Kenya
While staying recently on a lonely farm in the Highveld east of Johannesburg, I met a grey parrot that could sing ‘Die Stem’, South Africa’s apartheid-era national anthem. That bird was certainly out of step with the times. We all know that after Mandela’s 1994 election the rainbow nation switched to ‘Nkosi sikelel’ iAfrika’. I was on the farm researching a story on the grisly culture of crime in a country about to host the World Cup. Incredibly, 18,000 murders are committed every year in South Africa. Before bedtime, my hosts put the huge dogs out and locked up the house against gang attacks. Sometimes the ‘hit squads’, as the farmers call them, fire through the house windows so even locked doors provide little comfort. ‘Vaderland!’ crooned the parrot. ‘Waar en trou as Afrikaners!’

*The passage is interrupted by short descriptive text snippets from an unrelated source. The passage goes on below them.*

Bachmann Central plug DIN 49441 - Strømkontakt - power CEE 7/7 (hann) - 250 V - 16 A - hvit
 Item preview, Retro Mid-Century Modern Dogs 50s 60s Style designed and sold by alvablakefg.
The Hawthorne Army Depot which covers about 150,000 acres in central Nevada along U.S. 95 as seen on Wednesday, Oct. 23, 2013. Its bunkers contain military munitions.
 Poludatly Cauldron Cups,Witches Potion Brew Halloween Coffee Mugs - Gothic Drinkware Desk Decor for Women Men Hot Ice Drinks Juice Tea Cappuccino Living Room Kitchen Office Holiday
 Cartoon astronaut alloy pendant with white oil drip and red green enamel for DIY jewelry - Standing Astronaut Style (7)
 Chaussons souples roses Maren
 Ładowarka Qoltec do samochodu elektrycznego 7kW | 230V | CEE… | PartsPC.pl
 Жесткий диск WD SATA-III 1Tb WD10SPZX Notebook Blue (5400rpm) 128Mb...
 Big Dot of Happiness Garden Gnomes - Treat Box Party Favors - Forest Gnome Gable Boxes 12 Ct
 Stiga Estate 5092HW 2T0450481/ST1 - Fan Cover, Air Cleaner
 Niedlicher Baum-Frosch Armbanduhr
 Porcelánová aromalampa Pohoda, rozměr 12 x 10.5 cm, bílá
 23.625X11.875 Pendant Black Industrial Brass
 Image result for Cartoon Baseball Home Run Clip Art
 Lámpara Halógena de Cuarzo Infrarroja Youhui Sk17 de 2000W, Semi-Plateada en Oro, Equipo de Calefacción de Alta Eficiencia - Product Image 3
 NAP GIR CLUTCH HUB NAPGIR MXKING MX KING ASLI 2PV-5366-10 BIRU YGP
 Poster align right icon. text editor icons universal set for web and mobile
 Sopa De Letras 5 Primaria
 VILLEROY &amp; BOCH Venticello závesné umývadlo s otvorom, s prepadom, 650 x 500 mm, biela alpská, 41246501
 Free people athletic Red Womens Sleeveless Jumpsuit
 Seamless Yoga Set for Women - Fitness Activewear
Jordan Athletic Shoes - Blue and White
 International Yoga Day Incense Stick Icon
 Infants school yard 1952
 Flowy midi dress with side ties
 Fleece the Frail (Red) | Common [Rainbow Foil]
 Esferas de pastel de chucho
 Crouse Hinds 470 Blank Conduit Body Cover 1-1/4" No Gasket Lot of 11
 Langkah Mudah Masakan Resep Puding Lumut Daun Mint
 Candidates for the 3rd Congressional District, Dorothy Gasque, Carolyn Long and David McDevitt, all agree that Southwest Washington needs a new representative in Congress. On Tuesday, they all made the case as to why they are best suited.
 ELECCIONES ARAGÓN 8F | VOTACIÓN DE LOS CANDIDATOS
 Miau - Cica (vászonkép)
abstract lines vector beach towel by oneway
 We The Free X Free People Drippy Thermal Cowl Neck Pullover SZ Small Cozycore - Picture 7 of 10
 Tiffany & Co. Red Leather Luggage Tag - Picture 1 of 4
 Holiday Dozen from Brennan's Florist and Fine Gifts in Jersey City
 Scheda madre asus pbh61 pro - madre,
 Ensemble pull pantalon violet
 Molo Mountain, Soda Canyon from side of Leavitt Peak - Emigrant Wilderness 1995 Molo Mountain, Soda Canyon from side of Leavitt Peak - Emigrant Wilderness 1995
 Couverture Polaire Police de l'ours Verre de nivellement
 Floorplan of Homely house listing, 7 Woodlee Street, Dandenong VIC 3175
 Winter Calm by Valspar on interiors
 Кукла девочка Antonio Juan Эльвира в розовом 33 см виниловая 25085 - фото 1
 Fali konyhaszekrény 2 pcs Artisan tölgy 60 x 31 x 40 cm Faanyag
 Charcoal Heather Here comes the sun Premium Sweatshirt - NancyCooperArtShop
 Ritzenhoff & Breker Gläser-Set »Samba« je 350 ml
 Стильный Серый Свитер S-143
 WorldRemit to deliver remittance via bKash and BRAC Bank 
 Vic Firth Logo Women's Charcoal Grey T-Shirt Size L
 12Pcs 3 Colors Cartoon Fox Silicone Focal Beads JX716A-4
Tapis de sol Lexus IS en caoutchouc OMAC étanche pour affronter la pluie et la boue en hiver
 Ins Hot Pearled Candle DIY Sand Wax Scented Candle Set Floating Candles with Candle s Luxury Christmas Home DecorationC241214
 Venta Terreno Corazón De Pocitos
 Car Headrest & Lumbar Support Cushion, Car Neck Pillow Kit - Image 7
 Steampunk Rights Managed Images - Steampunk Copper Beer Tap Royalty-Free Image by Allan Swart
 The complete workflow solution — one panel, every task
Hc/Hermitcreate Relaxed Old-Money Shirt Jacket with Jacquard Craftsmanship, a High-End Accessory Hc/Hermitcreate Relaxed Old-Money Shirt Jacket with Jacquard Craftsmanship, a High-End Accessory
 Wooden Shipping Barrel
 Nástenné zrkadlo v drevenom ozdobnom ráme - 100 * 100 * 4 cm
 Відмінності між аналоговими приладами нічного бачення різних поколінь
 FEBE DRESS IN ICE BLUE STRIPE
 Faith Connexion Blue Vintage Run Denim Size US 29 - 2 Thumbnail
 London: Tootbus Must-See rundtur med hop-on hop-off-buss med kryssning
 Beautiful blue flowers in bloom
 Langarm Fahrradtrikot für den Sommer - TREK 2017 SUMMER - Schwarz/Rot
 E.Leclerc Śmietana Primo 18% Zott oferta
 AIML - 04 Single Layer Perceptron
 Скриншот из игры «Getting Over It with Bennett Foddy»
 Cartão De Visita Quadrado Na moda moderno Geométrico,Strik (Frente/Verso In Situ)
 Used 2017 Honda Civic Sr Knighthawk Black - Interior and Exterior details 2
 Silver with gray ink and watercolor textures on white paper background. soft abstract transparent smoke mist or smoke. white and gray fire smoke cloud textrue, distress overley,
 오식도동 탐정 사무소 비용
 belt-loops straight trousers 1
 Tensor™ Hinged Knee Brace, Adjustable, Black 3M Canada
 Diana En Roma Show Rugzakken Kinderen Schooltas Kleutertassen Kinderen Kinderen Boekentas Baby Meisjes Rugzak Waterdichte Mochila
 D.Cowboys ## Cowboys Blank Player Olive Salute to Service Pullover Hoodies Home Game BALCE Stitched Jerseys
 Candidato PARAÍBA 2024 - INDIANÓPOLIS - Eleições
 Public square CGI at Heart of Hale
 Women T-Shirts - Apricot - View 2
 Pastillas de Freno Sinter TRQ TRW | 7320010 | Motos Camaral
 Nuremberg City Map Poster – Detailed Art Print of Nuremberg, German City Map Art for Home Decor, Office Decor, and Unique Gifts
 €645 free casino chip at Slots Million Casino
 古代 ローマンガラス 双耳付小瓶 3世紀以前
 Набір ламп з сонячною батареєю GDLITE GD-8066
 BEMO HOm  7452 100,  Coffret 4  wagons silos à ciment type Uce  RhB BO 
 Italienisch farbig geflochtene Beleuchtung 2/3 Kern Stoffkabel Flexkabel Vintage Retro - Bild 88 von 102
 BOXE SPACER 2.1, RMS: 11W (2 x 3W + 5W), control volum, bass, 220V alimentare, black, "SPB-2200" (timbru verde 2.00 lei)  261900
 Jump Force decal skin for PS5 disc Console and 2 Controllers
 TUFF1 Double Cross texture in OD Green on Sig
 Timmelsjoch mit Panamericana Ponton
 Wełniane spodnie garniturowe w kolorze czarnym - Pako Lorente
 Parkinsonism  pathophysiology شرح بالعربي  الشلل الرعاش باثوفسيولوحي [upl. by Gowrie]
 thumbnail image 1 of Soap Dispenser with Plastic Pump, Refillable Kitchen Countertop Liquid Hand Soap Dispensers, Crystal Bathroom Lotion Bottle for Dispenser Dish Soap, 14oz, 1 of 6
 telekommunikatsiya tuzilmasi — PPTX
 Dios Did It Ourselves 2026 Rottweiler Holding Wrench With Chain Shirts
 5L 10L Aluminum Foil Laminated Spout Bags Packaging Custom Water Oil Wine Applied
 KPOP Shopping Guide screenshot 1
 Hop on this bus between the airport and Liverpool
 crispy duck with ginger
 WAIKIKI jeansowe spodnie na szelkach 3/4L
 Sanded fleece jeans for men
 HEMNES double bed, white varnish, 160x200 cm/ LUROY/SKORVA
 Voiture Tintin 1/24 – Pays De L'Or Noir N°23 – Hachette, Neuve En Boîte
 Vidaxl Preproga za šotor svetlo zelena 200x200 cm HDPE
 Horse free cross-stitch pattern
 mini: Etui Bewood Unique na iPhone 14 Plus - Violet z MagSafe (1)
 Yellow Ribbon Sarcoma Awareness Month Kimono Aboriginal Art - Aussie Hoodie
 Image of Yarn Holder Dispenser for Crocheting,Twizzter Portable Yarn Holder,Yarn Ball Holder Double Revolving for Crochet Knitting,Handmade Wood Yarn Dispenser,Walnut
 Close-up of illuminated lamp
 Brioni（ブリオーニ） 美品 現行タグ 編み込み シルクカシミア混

It reminded me that my long-deceased great-aunt Marguerite once had a grey parrot. She lived with Uncle Jim in a nice house with a large garden in Cooden Beach. They had no children and did not keep dogs, but they had a parrot. He lived in a cage next to the telephone in the hallway, where he whistled and talked a lot. When anybody knocked at the front door, he would say in Aunt Marguerite’s exact voice, ‘Oh, do come in. It’s so good to see you.’ When guests left he cried, ‘Goodbye now, do come again!’
My aunt and uncle were keen on tennis. Often they put on whites and played mixed doubles. One hot summer’s day they drove off in their car piled with racquets and left the bedroom window open upstairs. As soon as they were out, a thief, who had been casing the joint, crept through the back garden and climbed up a ladder and into the bedroom.